Unnamed: 0,name,url,total_views
0,Google,https://www.google.com,520726800000.0
1,YouTube,https://www.youtube.com,235813200000.0
2,Facebook,https://www.facebook.com,223015700000.0
3,Yahoo,https://www.yahoo.com,125654400000.0
4,Wikipedia,https://www.wikipedia.org,44673640000.0
5,Baidu,https://www.baidu.com,44097590000.0
6,Twitter,https://twitter.com,30986760000.0
7,Yandex,https://yandex.com,28579800000.0
8,Instagram,https://www.instagram.com,26215200000.0
9,AOL,https://www.aol.com,23212320000.0


## Iterating over pandas
Assuming you want to check website connectivity lets define a function and then iterate over DataFrame

In [10]:
import httpx
def check_connection(name, url):
    try:
        response = httpx.get(url)
        location = response.headers.get("location")
        if location is None or location.startswith(url):
            print(f"{name} is online!")
        else:
            print(f"{name} is online! But redirects to {location}")
        return True
    except httpx.ConnectError:
        print(f"Failed to establish a connection with {url}")
### Lopping over websites DataFrame
for web in websites.itertuples():
    check_connection(web.name,web.url)


Google is online!
YouTube is online!
Facebook is online!
Yahoo is online!
Wikipedia is online!
Baidu is online!
Twitter is online!
Yandex is online!
Instagram is online!
AOL is online!
Netscape is online! But redirects to https://www.aol.com/
Failed to establish a connection with https://alwaysfails.example.com


## Using vectorized methods over iteration for Summing a Column

### Iterating over DataFrame

In [11]:
def loop_sum(websites):
    total = 0
    for web in websites.itertuples():
        total += web.total_views
    return total
print('Total using loop_sum: {}'.format(loop_sum(websites)))

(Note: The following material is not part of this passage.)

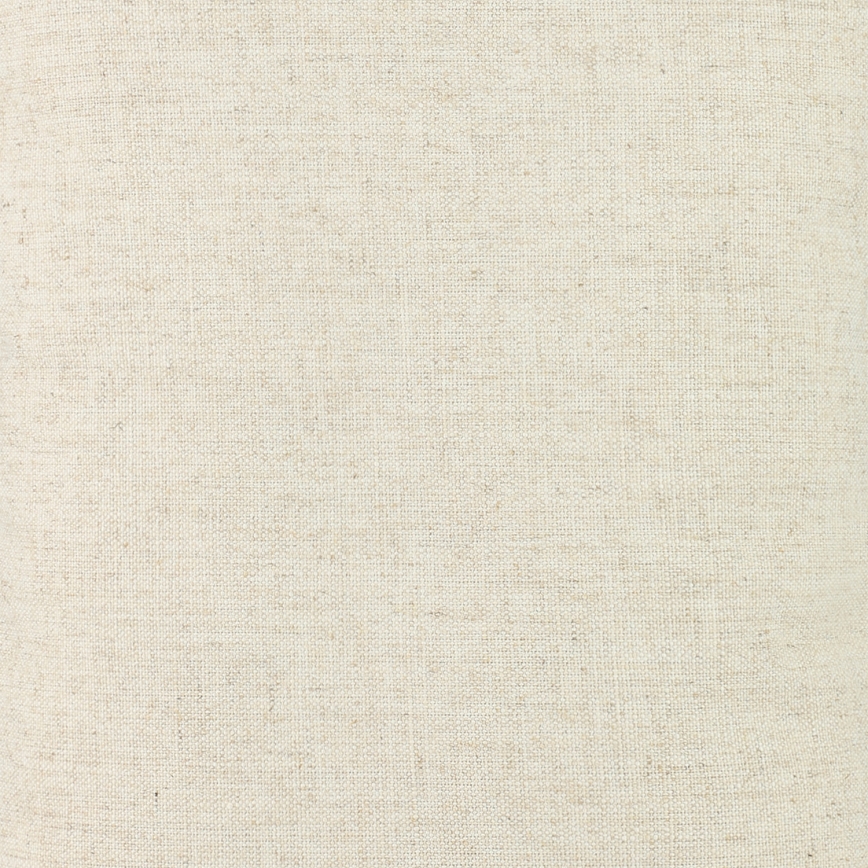 Eglo 420032 - Coussin décoratif ILES 30x50 cm beige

Total using loop_sum: 1302981160000.0


### List Comprenhension

In [12]:
def python_sum(websites):
    return sum(web.total_views for web in websites.itertuples())
print('Total using Python List Comprehension: {}'.format(python_sum(websites)))

Total using Python List Comprehension: 1302981160000.0


### Using pandas

In [14]:
def pandas_sum(websites):
    return websites["total_views"].sum()
print('Total using Pandas Sum: {}'.format(pandas_sum(websites)))

Total using Pandas Sum: 1302981160000.0


## Checking out execution time for each method above

### Checking out with original data source

In [19]:
from codetiming import Timer
for func in [loop_sum, python_sum, pandas_sum]:
    with Timer(name=func.__name__, text="{name:20}: {milliseconds: .2f} ms"):
        func(websites)

loop_sum            :  1.14 ms
python_sum          :  0.83 ms
pandas_sum          :  0.31 ms


There is a significant performance between each method

### Checking out with thousands of web sites

In [21]:
from codetiming import Timer
websites1000 = pd.concat(1000*[websites])
for func in [loop_sum, python_sum, pandas_sum]:
    with Timer(name=func.__name__, text="{name:20}: {milliseconds: .2f} ms"):
        func(websites1000)

loop_sum            :  15.76 ms
python_sum          :  10.18 ms
pandas_sum          :  0.36 ms


As long as the DataFrame is increasing the pandas methos is more efficiant

## Using vectorized methods over iteration with an Intermediate Columns

In [22]:
import pandas as pd
products = pd.read_csv("products.csv")
products

Unnamed: 0,month,sales,unit_price
0,january,3,0.5
1,february,2,0.53
2,march,5,0.55
3,april,10,0.71
4,may,8,0.66


### Iterating method with and intermedia compute

In [25]:
import pandas as pd
products = pd.read_csv("products.csv")
def loop_cumsum(products):
    comulative_sum = []
    for prod in products.itertuples():
        income = prod.sales * prod.unit_price
        if comulative_sum:
            comulative_sum.append(comulative_sum[-1] + income)
        else:
            comulative_sum.append(income)
    return products.assign(comulative_income=comulative_sum)

loop_cumsum(products)


Unnamed: 0,month,sales,unit_price,comulative_income
0,january,3,0.5,1.5
1,february,2,0.53,2.56
2,march,5,0.55,5.31
3,april,10,0.71,12.41
4,may,8,0.66,17.69


### Pandas Comulative sum using intermedia column

In [27]:
import pandas as pd
products = pd.read_csv("products.csv")

def pandas_cumsum(products):
    return products.assign(
        income = lambda df: df["sales"] * df["unit_price"],
        comulative_income= lambda df: df["income"].cumsum()
    ).drop(columns="income")

pandas_cumsum(products)

Unnamed: 0,month,sales,unit_price,comulative_income
0,january,3,0.5,1.5
1,february,2,0.53,2.56
2,march,5,0.55,5.31
3,april,10,0.71,12.41
4,may,8,0.66,17.69


## Checking out Performance with intermedia column

### Checking out with original data

In [29]:
from codetiming import Timer
import pandas as pd

for func in [loop_cumsum, pandas_cumsum]:
    prod = pd.read_csv("products.csv")
    with Timer(name=func.__name__, text="{name:20}: {milliseconds: .2f} ms"):
        func(prod)


loop_cumsum         :  1.42 ms
pandas_cumsum       :  2.62 ms


Apparently the for method looks faster and indeed it's faster for tiny dataset.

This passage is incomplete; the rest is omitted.